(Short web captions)

════════════════

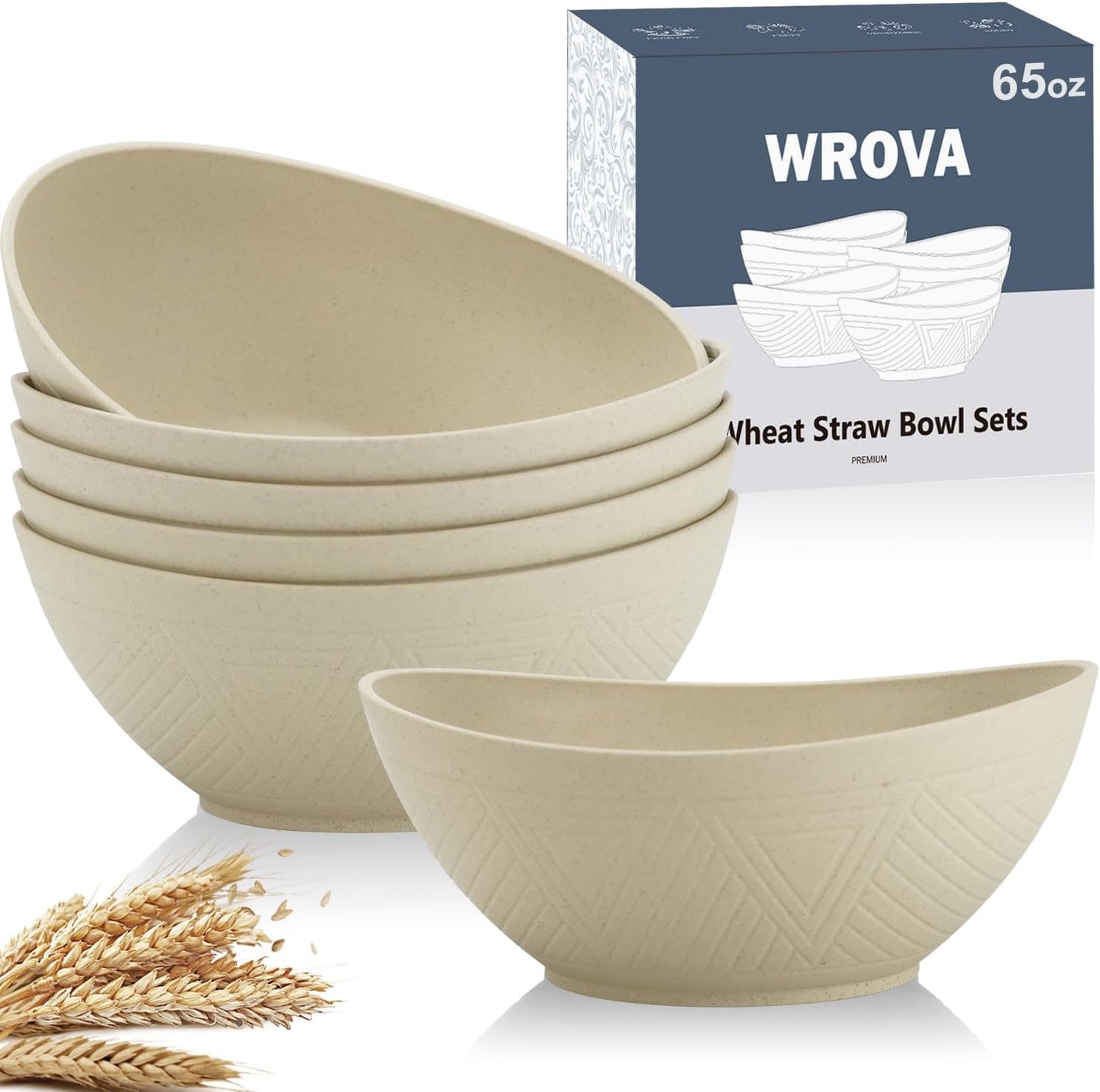 65oz Big Wheat Straw Bowls - Large Salad Bowls set of 6 - Unbreakable Serving Bowl Sets - Microwave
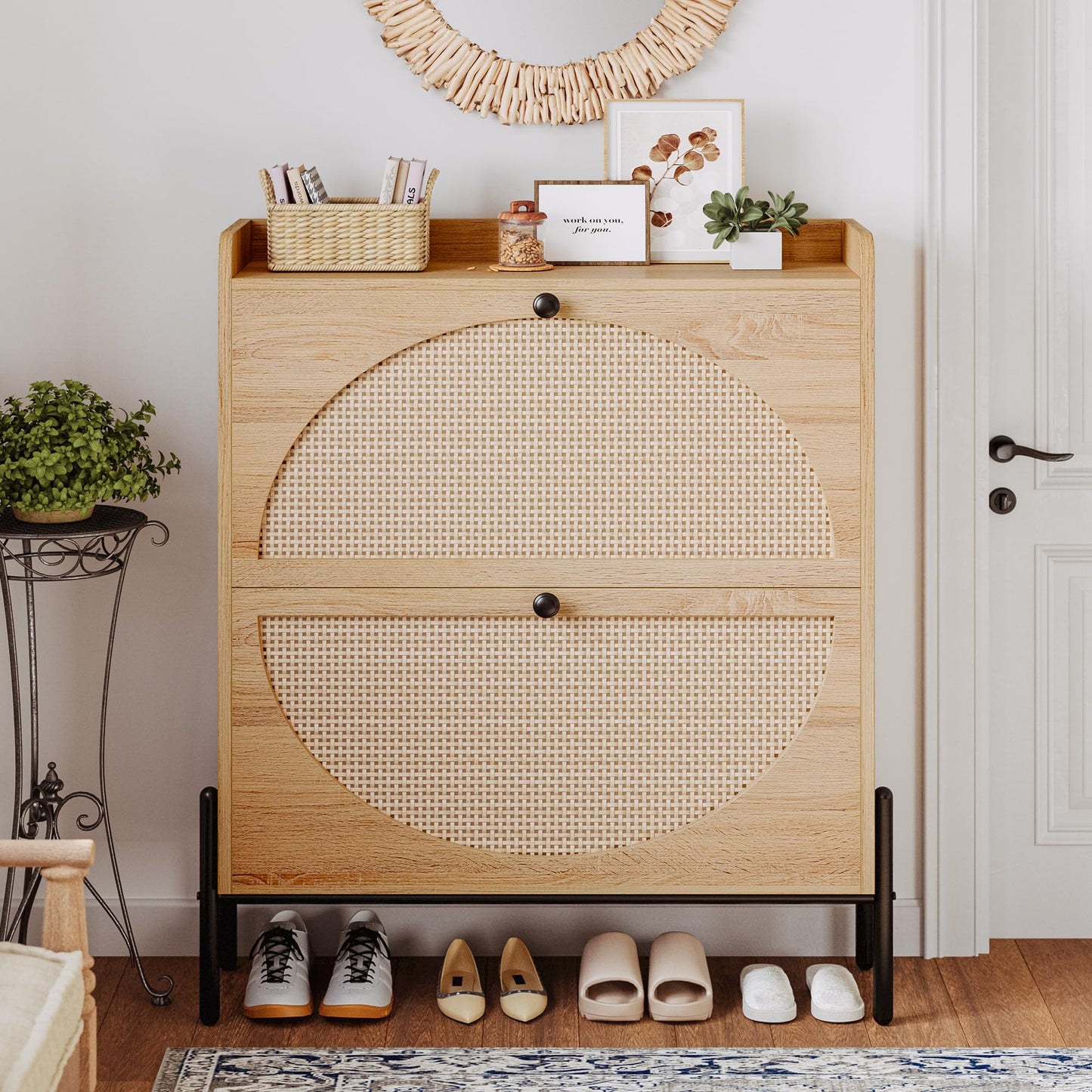 IRONCK Rattan Shoe Cabinet Storage with 2 Flip Drawers, Oak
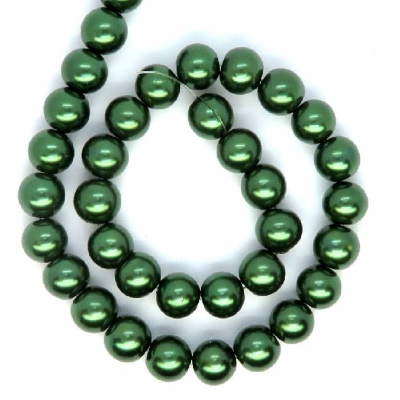 1 Strang Glaswachsperlen 12mm grün (ca.35 Perlen)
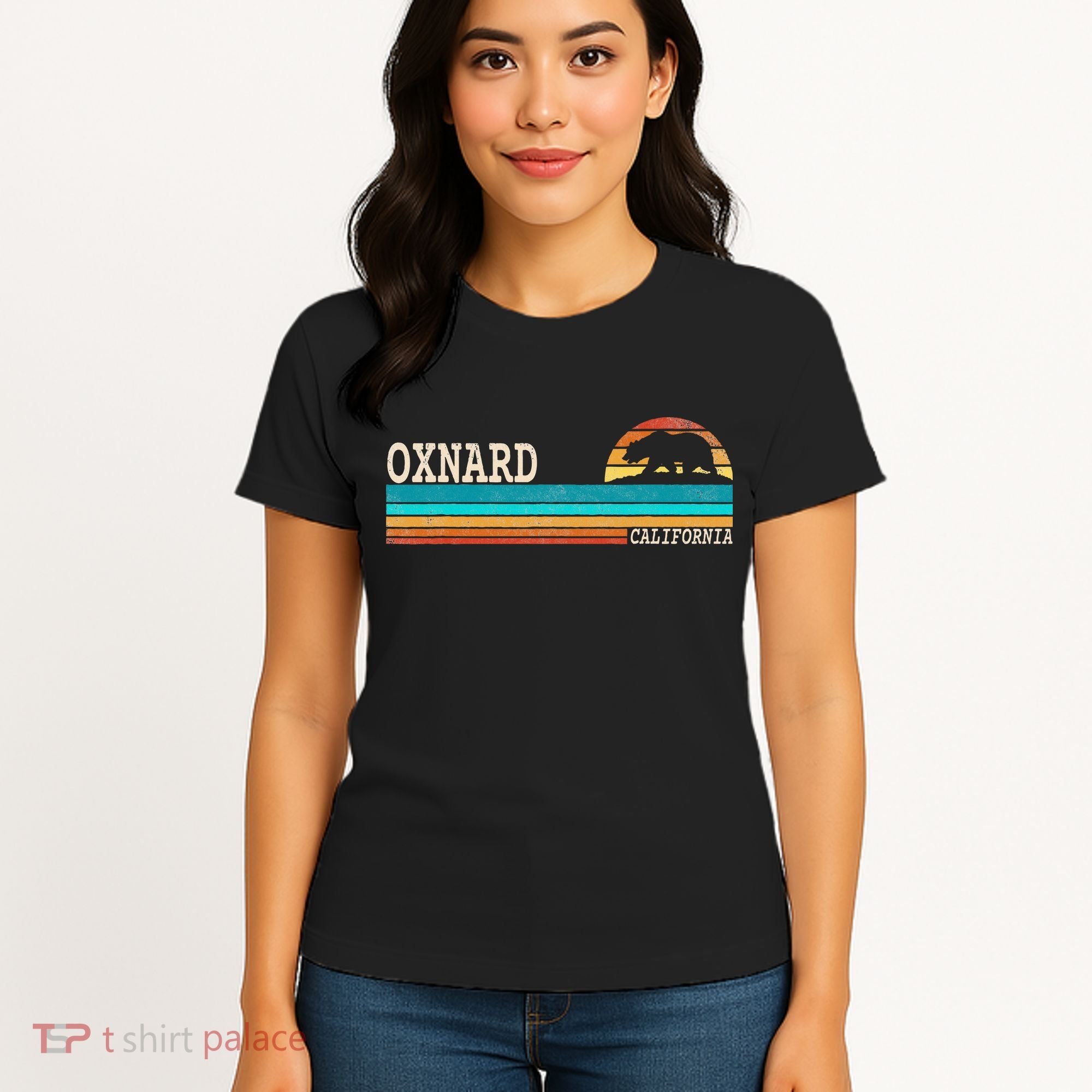 Oxnard California State Bear Retro Sunset Women's T-Shirt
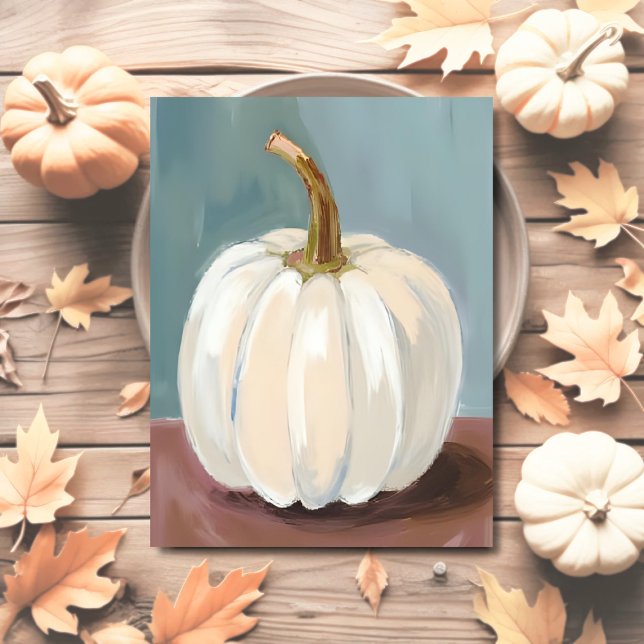 Cartão Postal De Festividades Pumpkin Branco - Cama de Ação de Graças (Criador carregado)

════════════════

What the exercise asks: What the answer must hold: all the data above, given again exactly, without pictures.

Task response:
 65oz Big Wheat Straw Bowls - Large Salad Bowls set of 6 - Unbreakable Serving Bowl Sets - Microwave
 IRONCK Rattan Shoe Cabinet Storage with 2 Flip Drawers, Oak
 1 Strang Glaswachsperlen 12mm grün (ca.35 Perlen)
 Oxnard California State Bear Retro Sunset Women's T-Shirt
 Cartão Postal De Festividades Pumpkin Branco - Cama de Ação de Graças (Criador carregado)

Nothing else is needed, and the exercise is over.